In dit verband merkt de rechtbank nog op dat verweerster in haar besluit van 13 november 1997 terecht heeft aangegeven dat het bevoegd gezag terzake niet kan volstaan met het eenzijdig formuleren van een compensatieregeling, zoals die in het formatieplan 1997-1998 is voorgesteld.
Mocht blijken dat met de personeelsgeleding van de MR geen overeenstemming kan worden bereikt omtrent compensatie gedurende het schooljaar, en het formatieplan daardoor niet kan worden gerealiseerd, dan zal het formatieplan moeten worden gewijzigd. Aan de opneming in het formatieplan van het bovengenoemd uitgangspunt inzake de maximale taakbelasting van 28 lesuren per week voor het betreffende schooljaar staat dit echter niet in de weg.
Gelet op het hierboven overwogene heeft verweerster zich naar het oordeel van de rechtbank terecht op het standpunt gesteld dat het bevoegd gezag bij afweging van de betrokken belangen in redelijkheid tot zijn voorstel tot vaststelling van de formatieplannen 1996-1997 en 1997-1998 heeft kunnen komen. Voorts is in die besluiten terecht bindend vastgesteld dat bedoelde voorstellen in een definitief besluit mogen worden omgezet.

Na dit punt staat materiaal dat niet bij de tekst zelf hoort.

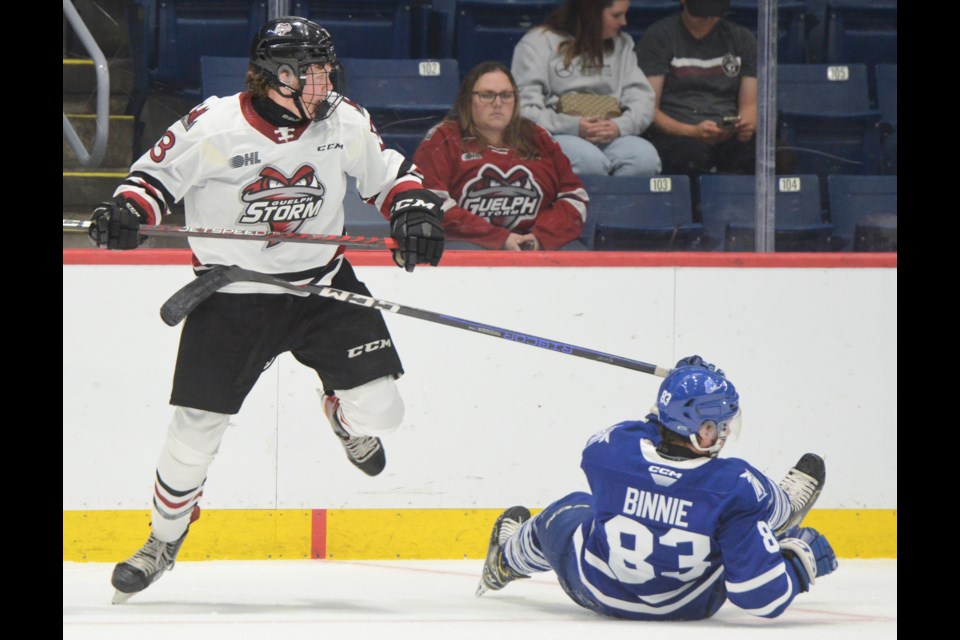 Rowan Topp levels a Mississauga player in Saturday's exhibition game.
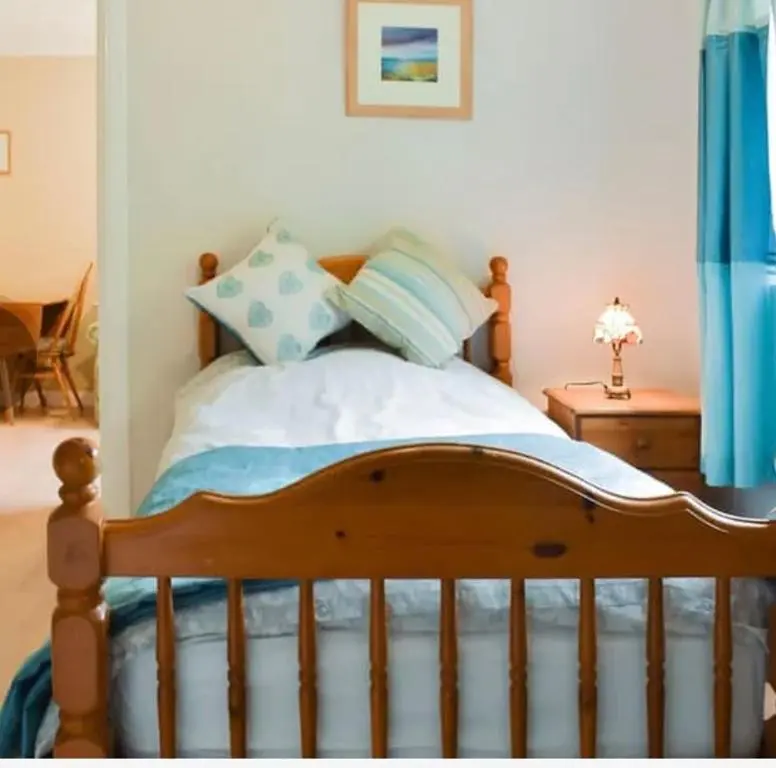 a bedroom with a wooden bed with blue curtains at Drummond Neuk - Pets Welcome free, country setting, free onsite parking in Inverness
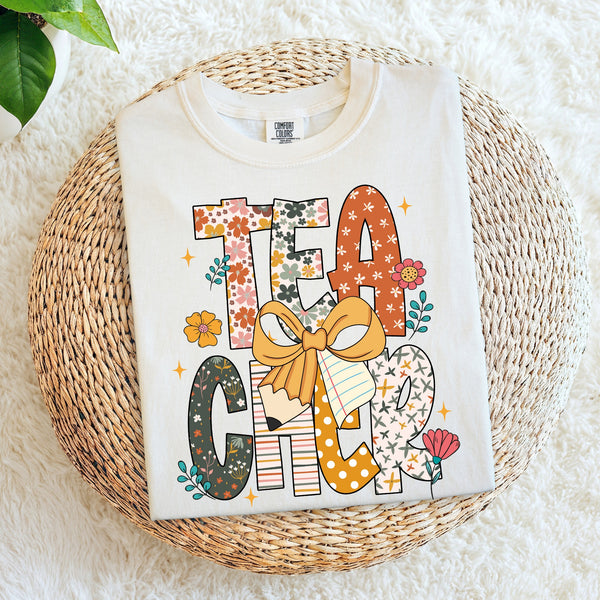 Colorful Teacher stacked with bow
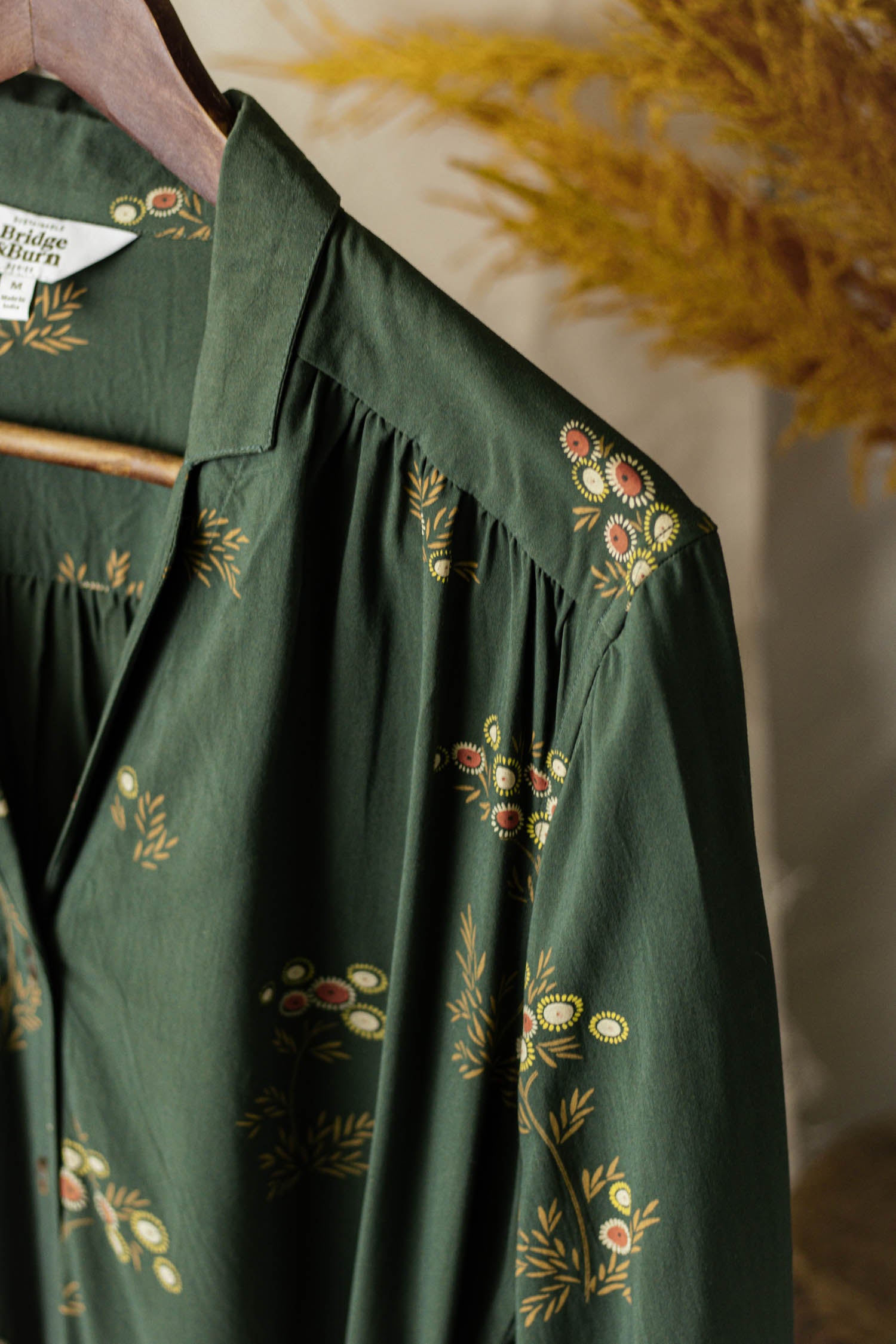 A close-up of the Bridge & Burn Emery Shirt Dress in Woodland Bloom, a green v-neck shirtdress with yellow and red floral patterns, hangs on a wooden hanger against a beige background with dried grass.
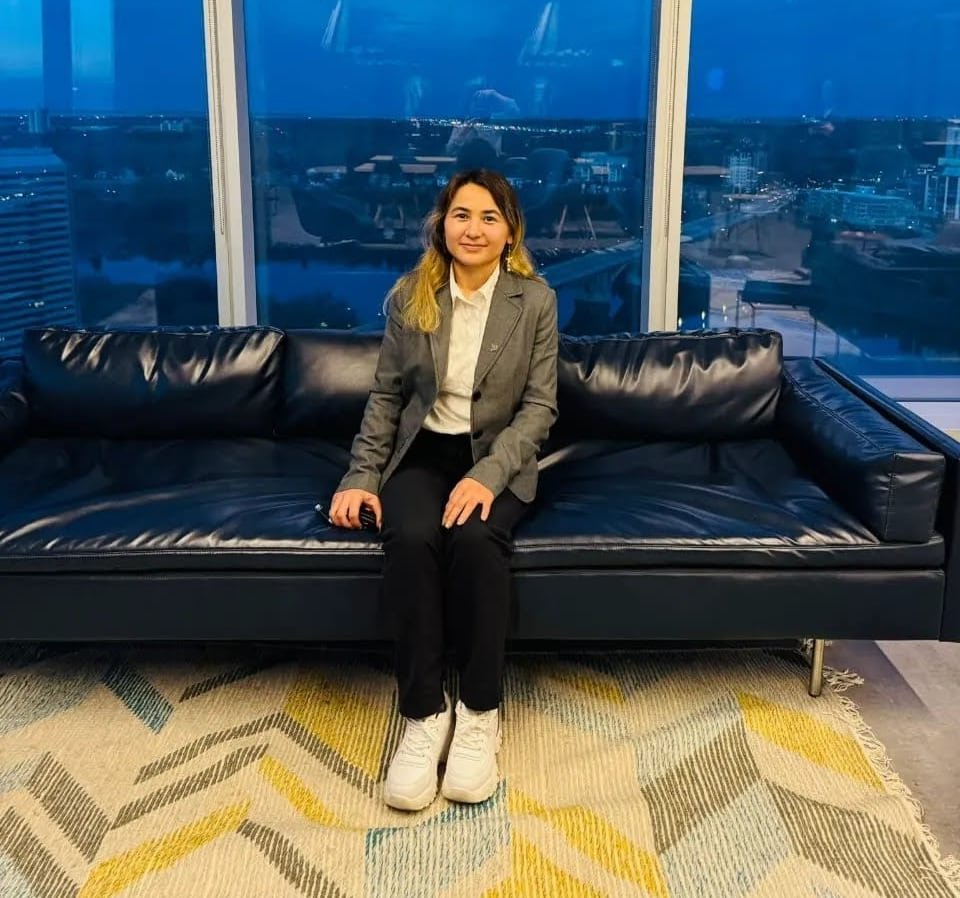 Farkhunda Hashimy sits on a black leather couch at the Nutrien Saskatoon Corporate Office. Saskatoon's dark skyline can be seen through the mirror behind her.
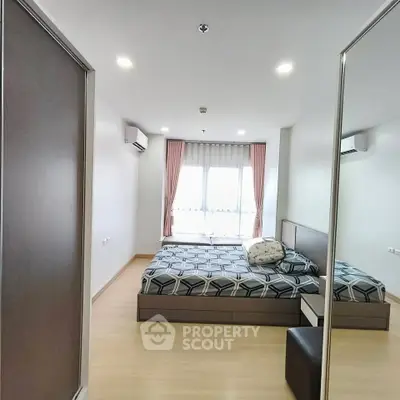 Modern bedroom with stylish decor and ample natural light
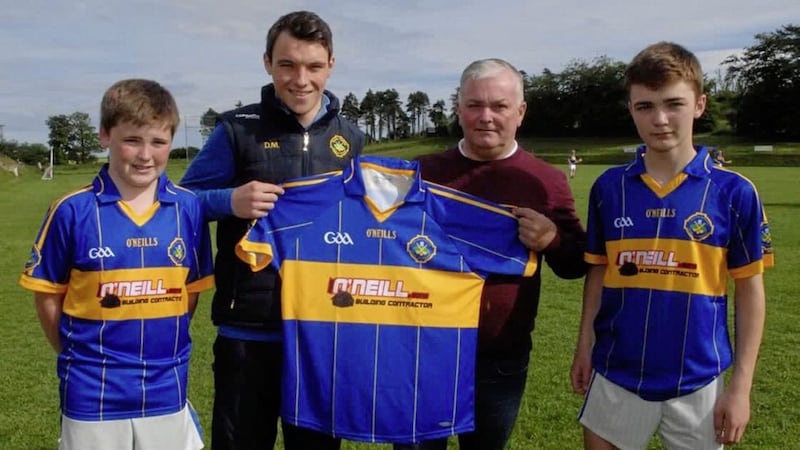 Mark O&#39;Neill &amp; Sons Building Contractors are to sponsor the Portaferry U14 hurlers. Mark is pictured presenting jerseys to his sons, Ryan and Calum, and U14 coach Darragh Mallon. These jerseys will be worn with pride at the national Feile in Kilkenny 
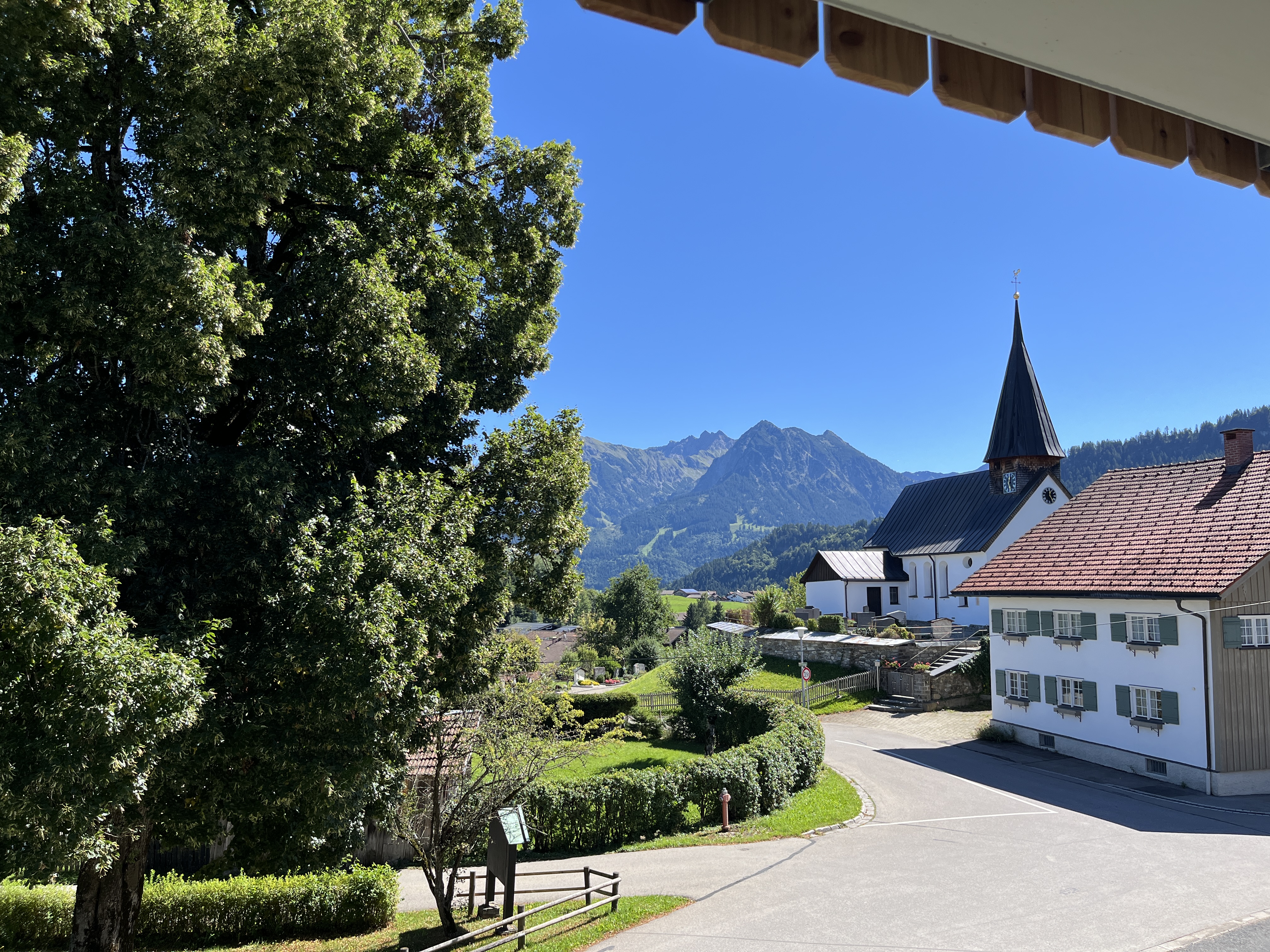 Eine malerische Landschaft mit einer Kirche, einem charmanten Dorf und Bergen im Hintergrund. Der Himmel ist klar und blau, umgeben von grüner Natur.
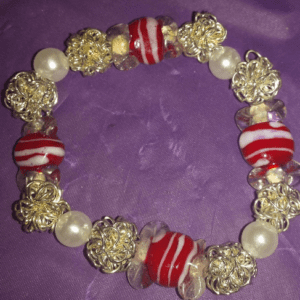 A bracelet with red and white beads on it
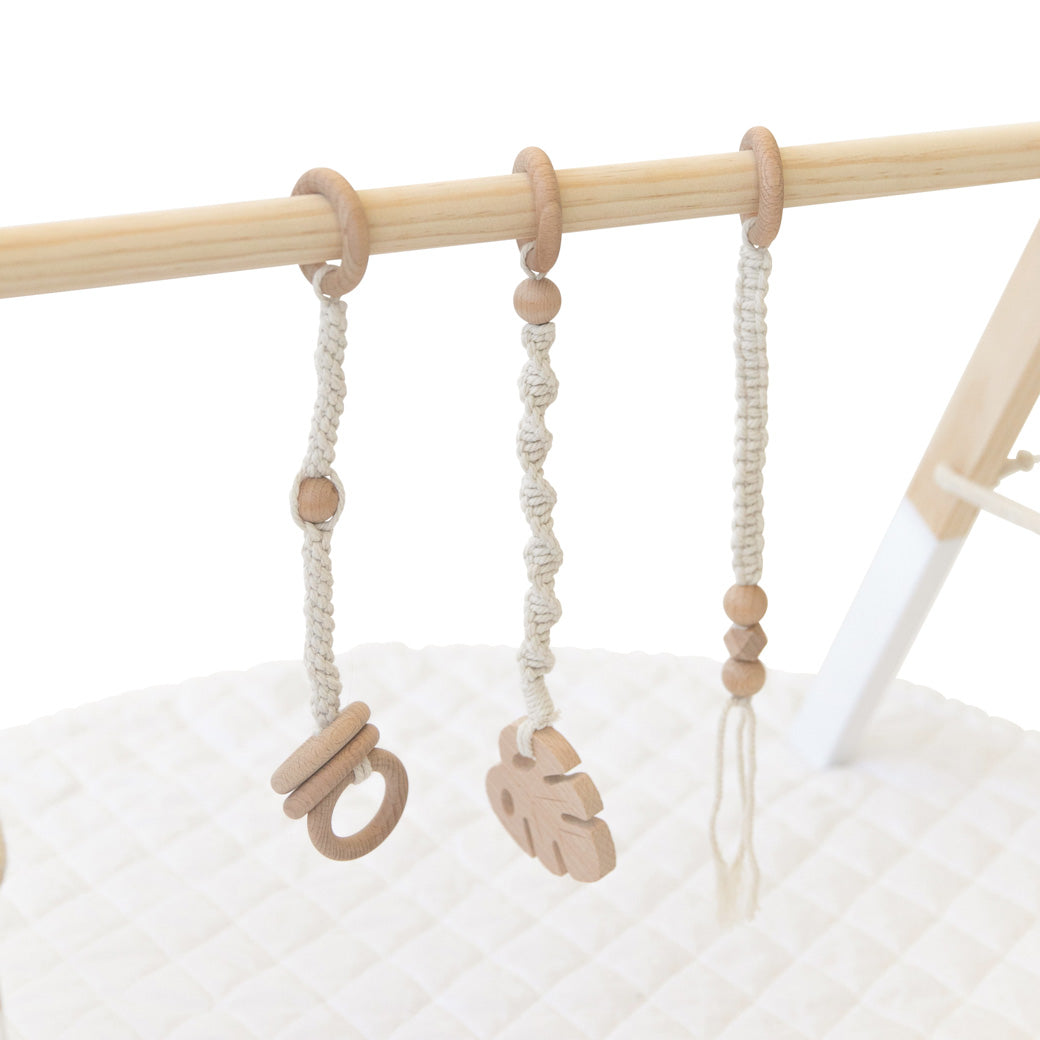 Closeup of toys of Poppyseed Play Wood Baby Gym + Toys in -- Color_White _ Macrame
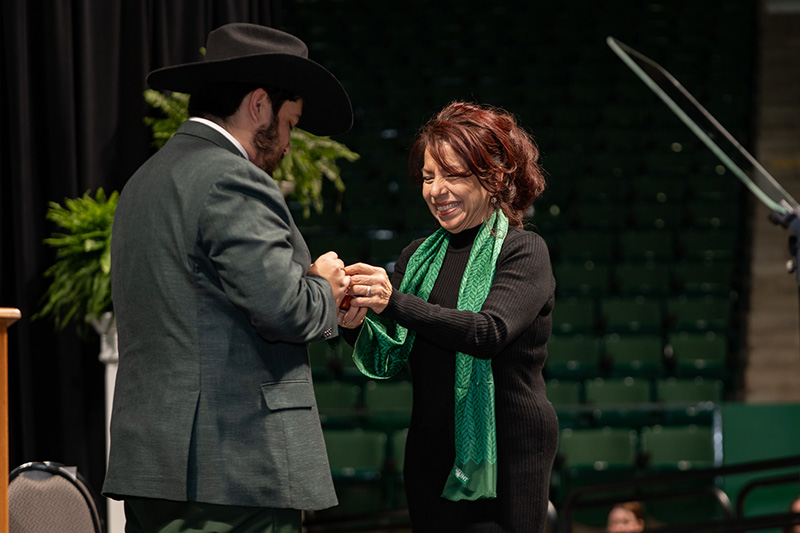 UNT Ring Award recipient Dylan Garcia receives his class ring from his mother at the spring 2026 UNT Ring Ceremony.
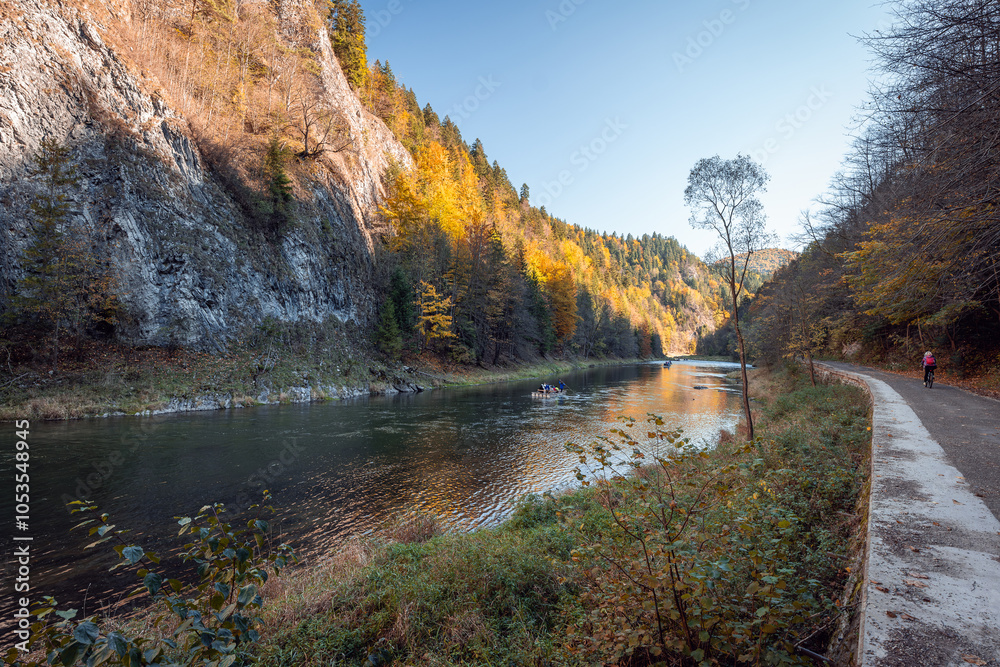 Wooden raft filled with tourists floating on the Dunajec river in the Pieniny National Park. The Dunajec Gorge in autumn. Bicycle path along the river. Traditional rafting Szczawnica, Poland
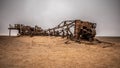 The rusted remains of an abandoned oil drilling rig between Henties Bay and Torra Bay, Skeleton Coast, Namibia. Royalty Free Stock Photo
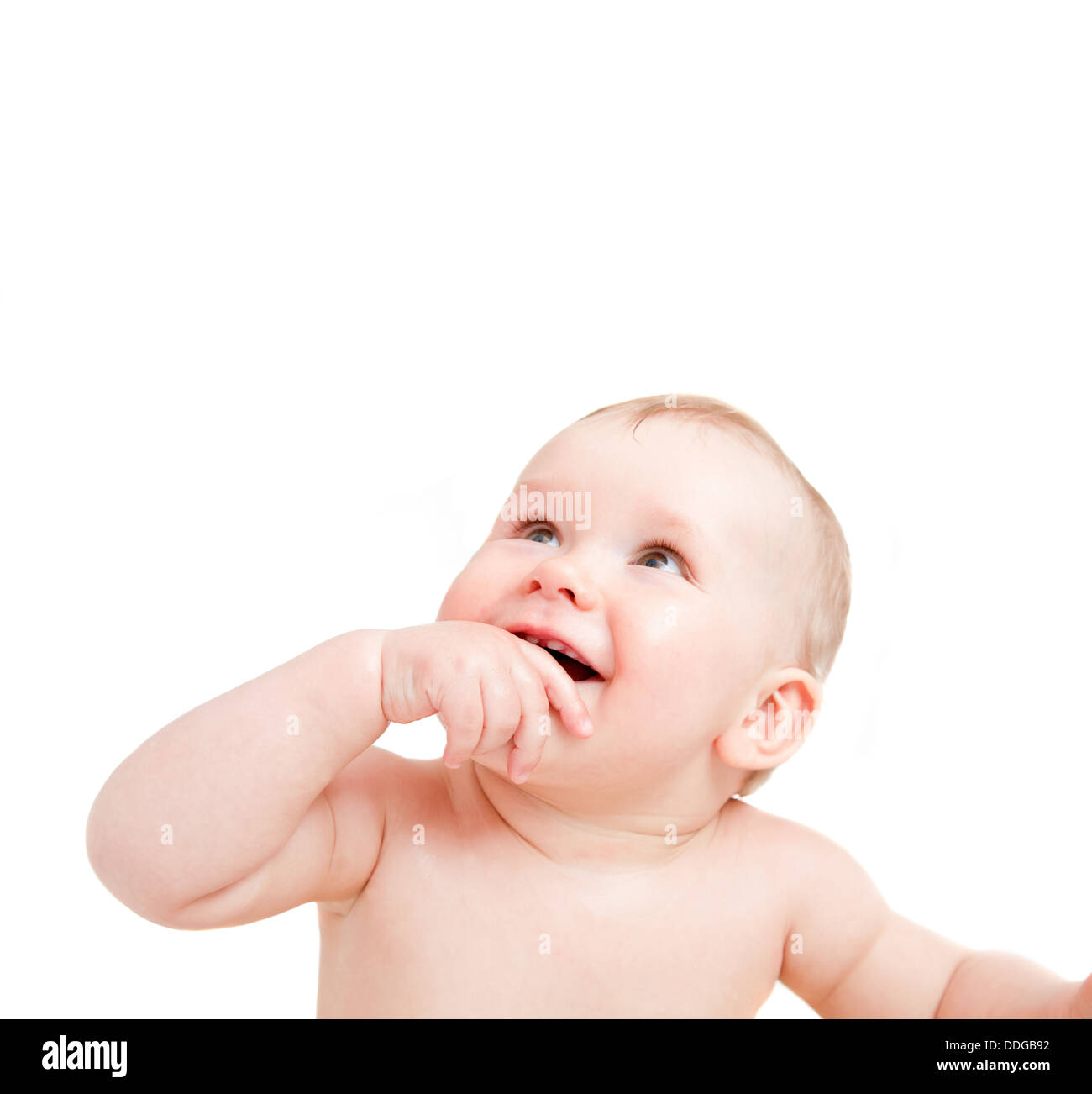 Cute happy baby smiling and looking up. Stock Photo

4.5 De rechtbank ziet geen aanleiding voor een proceskosten- veroordeling op grond van artikel 8:75 van de Awb.
5. Beslissing
De rechtbank,
recht doende:
verklaart de beroepen ongegrond.
Tegen deze uitspraak kan binnen zes weken na de dag van verzending hoger beroep worden ingesteld bij de Afdeling bestuursrechtspraak van de Raad van State, Postbus 20019, 2500 EA Den Haag.
Aldus gegeven door mr. L. van Gijn, voorzitter, en mrs. K. van Duyvendijk en E.J.J.M. Weyers, rechters,
en door eerstgenoemde in het openbaar uitgesproken op 18 januari 1999,
in tegenwoordigheid van de griffier.